Google Analytics Changes: Visits and Unique Visitors now Sessions and Users

Google Analytics rolled out some changes in April 2014 rather quietly, changing the naming of some of their most important metrics. The terminology changes were made to better support Google’s new Universal Analytics, which can measure traffic across both web and apps.

Visits is now Sessions

The first major change is that Google Analytics has changed Visits to be called Sessions. The concept of sessions has always existed in Google Analytics, as a way of measuring actions a visitor takes on your web site within a given timeframe. Google Analytics defaults the session length to 30 minutes, though it can be customized to between 1 minute and 4 hours.
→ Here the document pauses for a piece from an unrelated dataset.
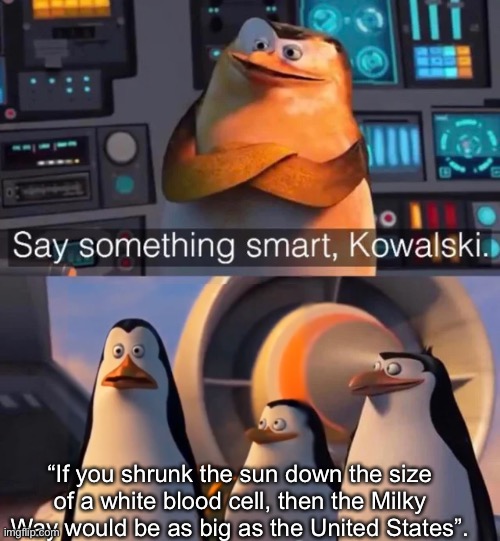 Say something smart Kowalski | “If you shrunk the sun down the size of a white blood cell, then the Milky Way would be as big as the United States”. | image tagged in say something smart kowalski | made w/ Imgflip meme maker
This means that if a user visits different pages on your web site, downloads files etc., and then views more pages several hours later, these are considered separate sessions (and previously would have been labeled as separate visits).

 

Unique Visitors is now Users

Secondly, the previous app metric Active Users has been combined with the web metric Visitors, and both are now just combined under the same name, Users.

In addition to unifying the reporting across web and app reporting for the new Google Analytics Universal Analytics, it also makes things a bit less confusing as Visits and Visitors often caused confusion since the terms are quite similar. This is why Visitors were generally referred to as Unique Visitors — and now they are Users, which makes more sense still.